La croissance dans l’histoire de la pensée économique

Si cette notion de croissance est devenue très familière, il n’en demeure pas moins que, jusqu’à une date récente (1945 environ), elle était peu connue du public et assez peu prise en considération par la science économique. Et pourtant, cette idée n’a jamais été absente de la pensée économique. Elle est apparue formellement à la fin du xviiie s. avec Condorcet, Turgot, puis avec les classiques (A. Smith, J. Stuart Mill, Malthus). On peut résumer très simplement son histoire jusqu’à nos jours en trois étapes : les grands classiques ont éprouvé l’obsession de la croissance ; puis, brusquement, vers les années 1870 jusqu’aux années 1930, les problèmes de l’équilibre remplacent ceux de la croissance ; enfin, depuis 1945, on observe un retour au problème de la croissance.

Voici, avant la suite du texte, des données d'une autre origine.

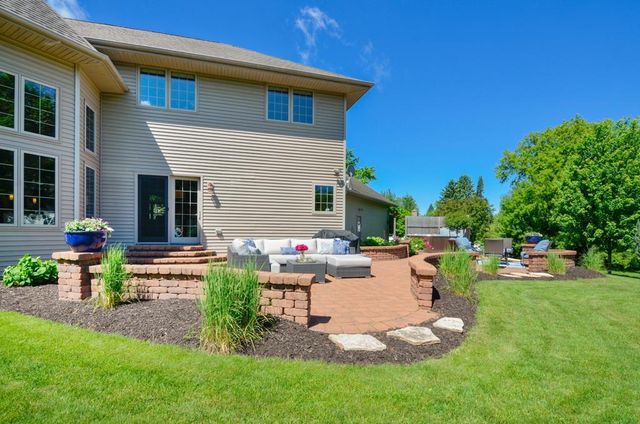 1521 ROYAL CROWN COURT, Green Bay, WI 54313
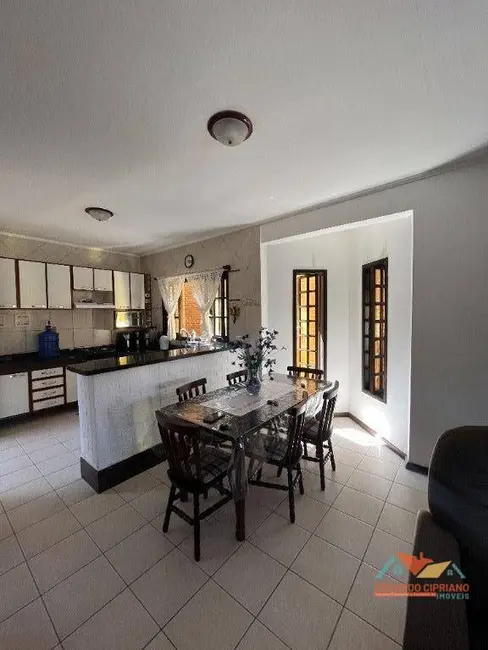 Foto 4 de Casa com 2 quartos à venda, 103m2 em Indaiá, Caraguatatuba - SP
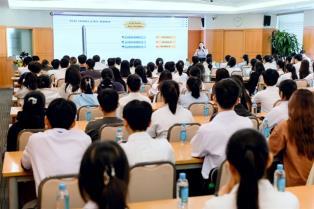 Sacombank commits 164,000 to ‘Nurturing Dreams scholarship programme in 2025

Au cours de la première étape (obsession de la croissance), Adam Smith* (1723-1790) a été le premier à avoir distingué trois types d’économies : progressive, stationnaire, régressive. Pour lui, le développement de la production se réalisera harmonieusement par le jeu même du marché et de la concurrence des produits et des facteurs de production. La même idée se retrouve chez Jean-Baptiste Say (1767-1832) et les libéraux optimistes : il peut y avoir augmentation des quantités sans transformations économiques. Au contraire, les pessimistes anglais (Malthus, Ricardo) ont une vue plus réaliste lorsqu’ils affirment qu’il ne peut y avoir augmentation de quantités sans transformation des structures. Ils découvrent ainsi une dynamique « grandiose » : dynamique de la population chez Thomas Robert Malthus* (1766-1834), dynamique de la répartition chez David Ricardo* (1772-1823). Ces dynamiques sont pessimistes. Pour David Ricardo, l’évolution de la répartition se marque par une tendance à l’accentuation de l’inégalité entre les propriétaires du sol (dont le revenu croît avec les rentes) et les salariés (dont le revenu reste stationnaire). Pour John Stuart Mill* (1806-1873), l’évolution de l’économie progressive doit aboutir fatalement à un état stationnaire. Selon lui, il y i trois sortes de revenus : salaire, rente, profit. La part proportionnelle de la rente croît ; la part du profit, coincée entre des salaires constants et une rente qui s’élève, ne peut que diminuer, entraînant ipso facto un ralentissement des investissements.

La deuxième étape commence vers les années 1850-1870. À la suite des nombreuses critiques socialistes et marxistes, on dénonce les instabilités et les inégalités suscitées par le développement des quantités. Dès lors, à la fin du xixe s., le souci majeur devient celui de l’équilibre et de la stabilité. Pour Léon Walras (1834-1910) et les marginalistes, l’essentiel est de montrer comment le fonctionnement du système économique doit être analysé à partir d’un concept clef, l’équilibre. Cependant, dans cette prédominance de l’étude des problèmes de l’équilibre, deux exceptions doivent être notées. D’une part, dès le début du xxe s., Joseph A. Schumpeter (1883-1950) s’attache à renouveler les questions d’évolution. D’autre part, pendant toute la seconde moitié du xixe s., les historiens prennent également en considération le phénomène du changement, mais ne l’envisagent pas dans une optique de théorie économique.